There is a tremendous increase in the phenomenon in the outer areas of our Nation. This is not simply a problem of metropolitan America. Mr. GIBBONS. Certainly your testimony is a breath of fresh air here this morning. I see so many things in your statement I agree with I hardly know where to begin.

Let us say from the number of beer cans you see lying out around the road in the area I live in, I would say the juvenile delinquents in my area are on the increase. I applaud you for pointing out this is not only a problem of the ghetto and a problem of the slum, but a problem of all of our Nation.

I also applaud you for pointing out the necessity for beginning this process at an early age and tying in with the school system.

Could you elaborate on your statement on page 2, where you say, "A pattern of school failure appears as a dominant theme in the life histories of many delinquents."

This ties in with a piece of legislation from last year.

Mr. POLK. I am concerned with our educational system and its goals. I am not sure this is what you have in mind, but let me elaborate a little. For a large proportion of our youngsters, the educational system does not have any very meaningful goal. For the youngsters in the noncollege bound track, it is hard to justify what the diploma means. Many have a realistic understanding that getting a high school education does not mean very much.

The unemployment in the ghetto areas is just as high for those with diplomas as those dropping out. One thing which we have to have is an educational system offering youngsters some kind of good educational experience.
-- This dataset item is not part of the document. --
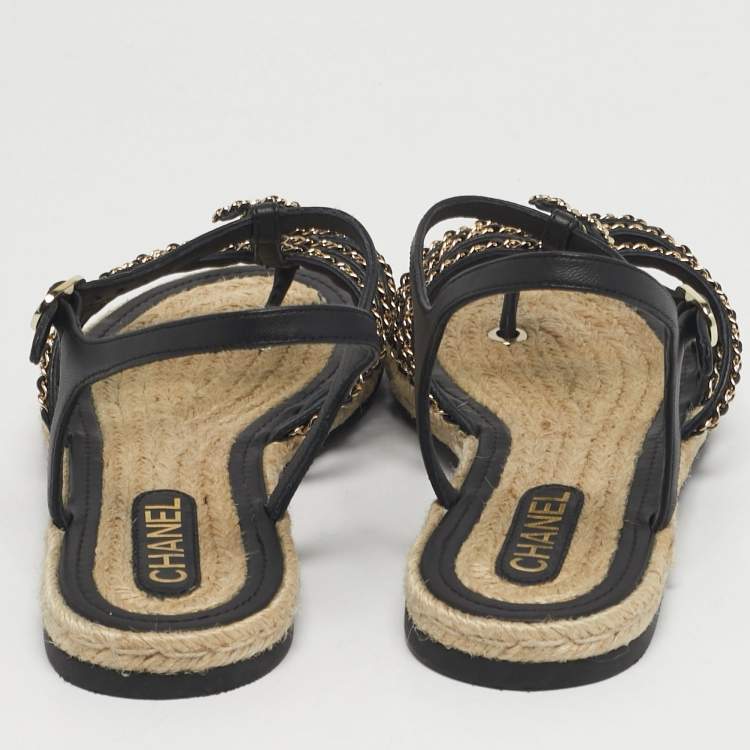 Pre Owned Chanel Size 41 Black Leather CC Chain Link Strappy Espadrille Flats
That is part of it.

Also, the educational, the institution has a primary responsibility in the preparation for our youth for adulthood and it should be a major arena for the focusing of any major delinquency program.
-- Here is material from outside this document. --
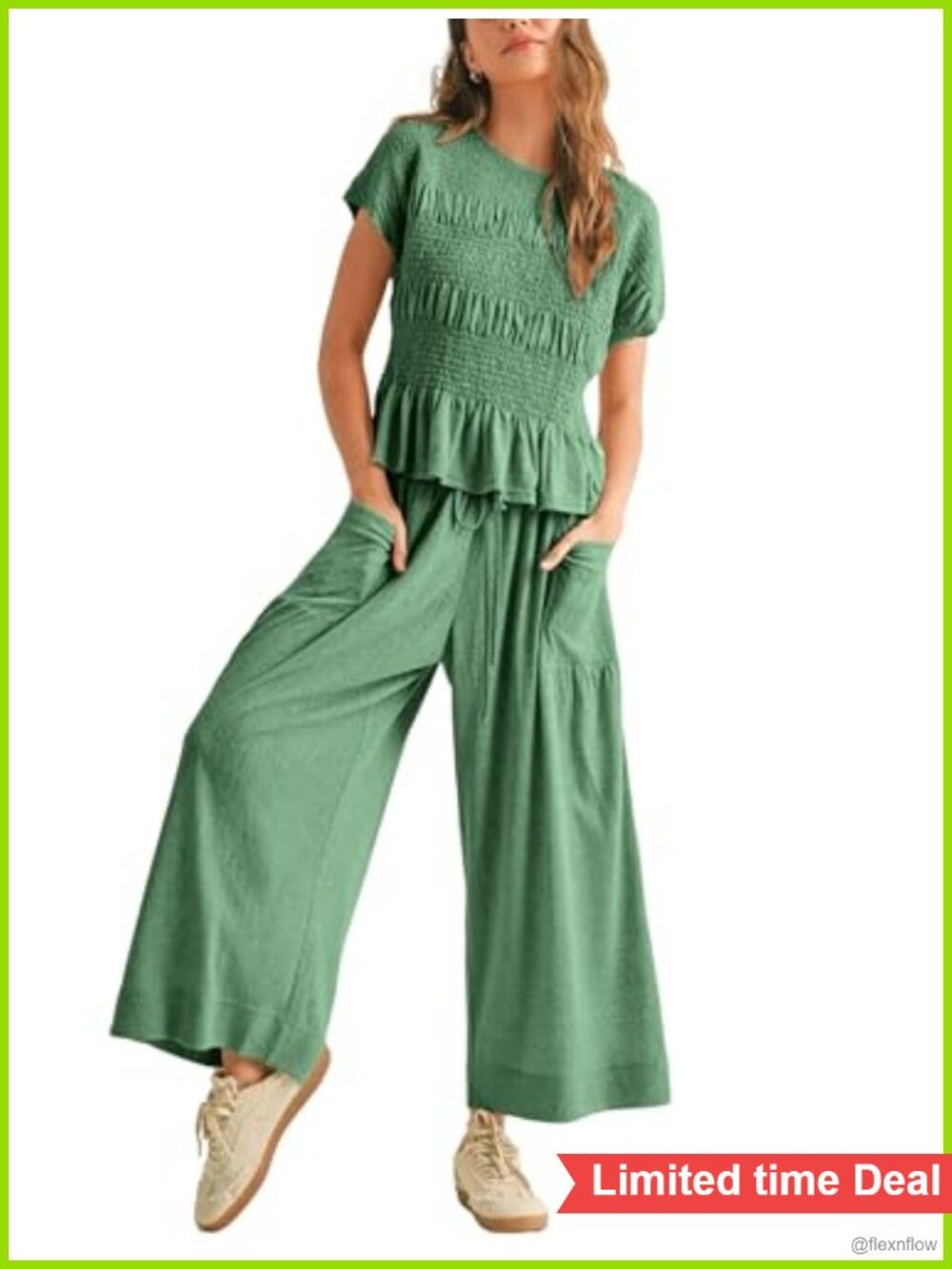Womens Lounge Set Smocked Top Wide Leg Pants Pockets 2 Piece Casual Boho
Mr. GIBBONS. I have talked to many teachers about juvenile delinquents in the early grades, and they tell me those who have made a study of children passing through their schools say they can predict with reasonable accuracy those that are going to end up in trouble later on.

Have you had any experience in this field?

Mr. POLK. Yes, and I am not sure exactly what is going on. One of the things I see very clearly in our information is that the system begins to punish youngsters who misbehave and lean on them pretty hard. This system of leaning progressively pushes the youngster out. I have written a paper on juvenile delinquency and failure.

First, there is failure. Then a host of attitudes toward the youngster both by teachers and his peers, all of which pushes him out the system. I think this process of stigmatization is very important. I think many teachers recognize this and can see it happening early.

If funds were available and programs available, they could turn this sequence around. The system would have to have a program of educating youngsters. I am not sure all schools have that commitment. If they did, I think the school could turn this sequence around.

Mr. GIBBONS. You called for evaluation money on page 3 of your statement. You say for every dollar put in programs, we ought to have a dollar put in evaluation. This is something I have a little trouble understanding. Would you please elaborate on that?

Mr. POLK. Well, I really draw this by the statement in the legislation itself. If we think that present programs are failing and if we are concerned about the rise in the rate of delinquency, then it seems to me we are in a position where we are seeking solutions. How are we going to know if we have a solution? I don't think we will know if we have an answer to a problem unless we set out to study the program and analyze the effect the various programs have.

I would look at this legislation as a chance to gather some information. It seems to me that is one of the ways you can justify the Federal Government being involved in it. This is one of the areas where the Federal Government has a responsibility. My participation with actual problems is that unless you fund the evaluation of the problem, you cannot evaluate the effect of the program. How will you know 5 years from now-if this legislation is passed-5 years from now people will want to know the effect of the Juvenile Delinquency Act of 1967, people will want to know the answer.

Mr. GIBBONS. We have been putting money in this since 1961, I believe. What are your views as to the failure of our not getting that information out so far? Do you know what we have developed in that area?

Mr. POLK. You have to know the history, and I think you do, of the President's Committee on Juvenile Delinquency. In our own area, the Lane County youth project originally funded by the President's Committee, we started under the assumption we would have a year's planning and then a 3-year demonstration period. We were told for the major components of our program we had to go to other Federal agencies to put a program together; to the Office of Education for an education component, employment, and other Federal agencies, and what happened was they started piecing a program together and it was impossible to carry out a coherent evaluation plan, particularly when the funding was shifted to the Office of Economic Opportunity.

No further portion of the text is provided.